On September 1, Year 1, Brok Co. issued a note payable to Federal Bank in the amount of $900,000, bearing interest at 12%, and payable in three equal annual principal payments of $300,000. On this date, the bank’s prime rate was 11%. The first interest and principal payment was made on September 1, Year 2. At December 31, Year 2, Brok should record accrued interest payable of

A

$24,000.

Under the interest method, accrued interest payable is equal to the face amount of the note at the beginning of the interest period, times the stated interest rate, times the portion of the interest period that is included within the accounting period. At 9/1/Yr 1, the face amount of the note was $900,000. After the first payment of $300,000 principal plus interest on 9/1/Yr 2, the face amount of the note was $600,000 ($900,000 – $300,000). Accrued interest payable for the period 9/1/Yr 2 to 12/31/Yr 2 was thus $24,000 [$600,000 face amount × 12% stated interest rate × (4 months ÷ 12 months)]. The prime rate is irrelevant to the calculation of accrued interest payable.

12
Q
The following data were extracted from the financial statements of a company for the year ended December 31:
Net income: $70,000
Depreciation expense: 14,000
Amortization of intangible assets: 1,000
Decrease in accounts receivable: 2,000
Increase in inventories: 9,000
Increase in accounts payable: 4,000
Increase in plant assets: 47,000
Increase in contributed capital: 31,000
Decrease in short-term notes payable: 55,000

There were no disposals of plant assets during the year.

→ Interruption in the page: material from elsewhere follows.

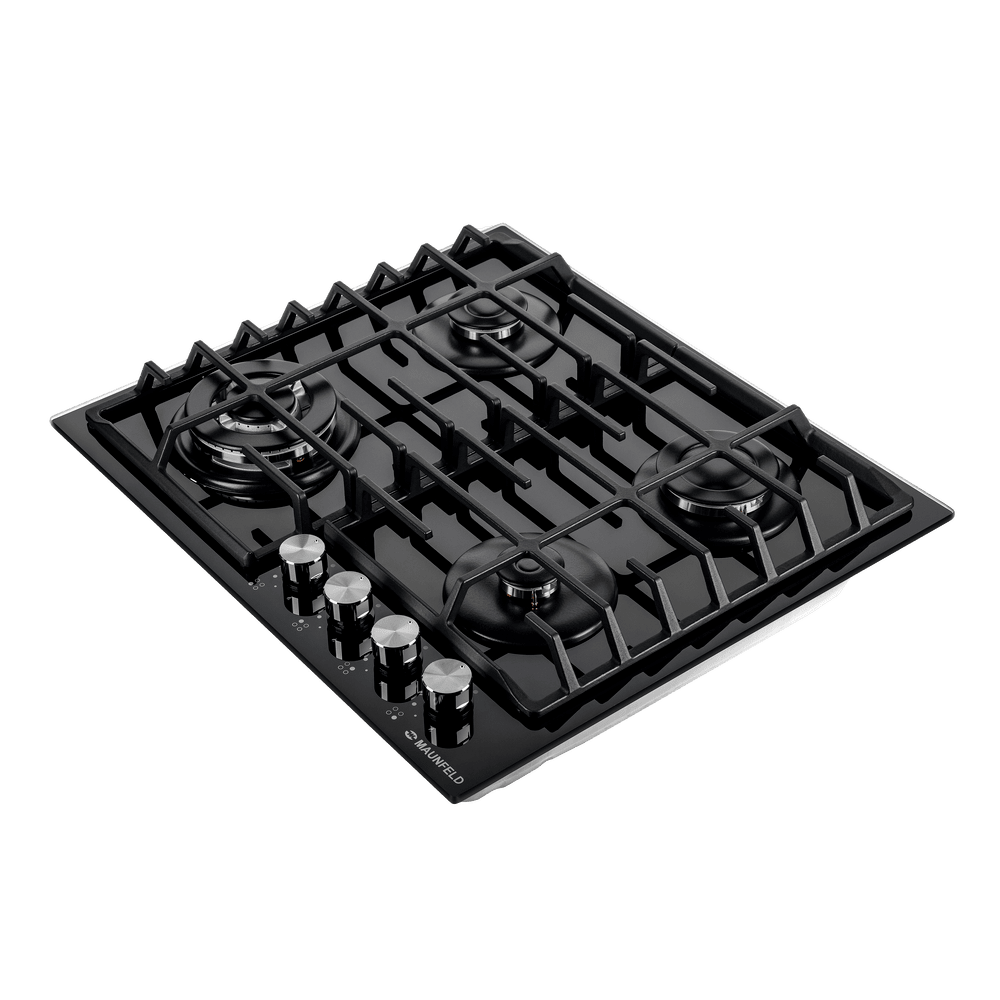 Газовая варочная панель Maunfeld EGHG.64.63CB/G — изображение 4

Based on the above, a statement of cash flows will report a net increase in cash of

A

$11,000.

Depreciation and amortization are noncash expenses and are added to net income. A decrease in receivables indicates that cash collections exceed sales on an accrual basis, so it is added to net income. To account for the difference between cost of goods sold (a reduction of income) and cash paid to suppliers, a two-step adjustment of net income is necessary. The difference between cost of goods sold and purchases is the change in inventory. The difference between purchases and the amount paid to suppliers is the change in accounts payable. Accordingly, the conversion of cost of goods sold to cash paid to suppliers requires deducting the inventory increase and adding the accounts payable increase. An increase in plant assets indicates an acquisition of plant assets, causing a decrease in cash, so it is deducted. An increase in contributed capital represents a cash inflow and is added to net income. A decrease in short-term notes payable is deducted from net income because it reflects a cash outflow. Thus, cash increased by $11,000 ($70,000 NI + $14,000 + $1,000 + $2,000 – $9,000 + $4,000 – $47,000 + $31,000 – $55,000).

13
Q

The management’s discussion and analysis (MD&A) section of an annual report

A

Covers three financial aspects of a firm’s business: liquidity, capital resources, and results of operations.

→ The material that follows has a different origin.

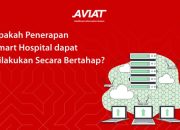 Rumah Sakit Digital Mulai Diimplementasikan Bertahap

The MD&A section is included in SEC filings. It addresses in a nonquantified manner the prospects of a filer. The SEC examines it to determine that management has disclosed material information affecting future results. Disclosures about commitments and events that may affect operations or liquidity are mandatory. Thus, the MD&A section pertains to liquidity, capital resources, and results of operations.

14
Q

On March 2, Year 4, the city of Finch issued 10-year general obligation bonds at face amount, with interest payable March 1 and September 1. The proceeds were to be used to finance the construction of a civic center over the period April 1, Year 4, to March 31, Year 5. During the fiscal year ended June 30, Year 4, no resources had been provided to the debt service fund for the payment of principal and interest. On June 30, Year 4, Finch should report the construction in progress for the civic center in the

Capital Projects Fund:
Government-Wide Statement of Net Position:

A

No
Yes

Expenditures for the construction project but not the resulting general capital assets should be reported in the capital projects fund. The construction in progress is a general capital asset if it results from expenditure of governmental fund financial resources and is not related to activities reported in nongovernmental funds. Ultimately, the completed project should be reported in the government-wide statement of net position at historical cost, including ancillary charges. The expenditures should not be reported in the governmental funds balance sheet.

15
Q

Black Co., organized on January 2, Year 1, had pretax accounting income of $500,000 and taxable income of $800,000 for the year ended December 31, Year 1. Black expected to maintain this level of taxable income in future years. The only temporary difference is for accrued product warranty costs, expected to be paid as follows:
Year 2: $100,000
Year 3: 50,000
Year 4: 50,000
Year 5: 100,000
The applicable enacted income tax rate is 30%. In Black’s December 31, Year 1, balance sheet, the deferred income tax asset and related valuation allowance should be

Deferred Tax Asset:
Valuation Allowance:

A

$90,000
$0

Black should report an accrued product warranty liability of $300,000. The result is a deductible temporary difference of $300,000 because the liability will be settled and related amounts will be tax deductible when the warranty costs are incurred. A deferred tax asset should be measured for deductible temporary differences using the applicable tax rate. Hence, Black should record a $90,000 ($300,000 × 30%) deferred tax asset. A valuation allowance should be used to reduce a deferred tax asset if, based on the weight of the available evidence, it is more likely than not that some portion will not be realized. In this case, Black had taxable income of $800,000 for Year 1 and expects to maintain that level of taxable income in future years. The positive evidence therefore indicates that sufficient taxable income will be available for the future realization of the tax benefit of the existing deductible temporary differences. Given no negative evidence, a valuation allowance is not necessary.

16
Q

Users of a government’s financial statements should be able to distinguish between the primary government and its component units. Furthermore, an overview of the discretely presented component units should be provided. Accordingly,

A

Information about each major component unit must be provided in the reporting entity’s basic statements.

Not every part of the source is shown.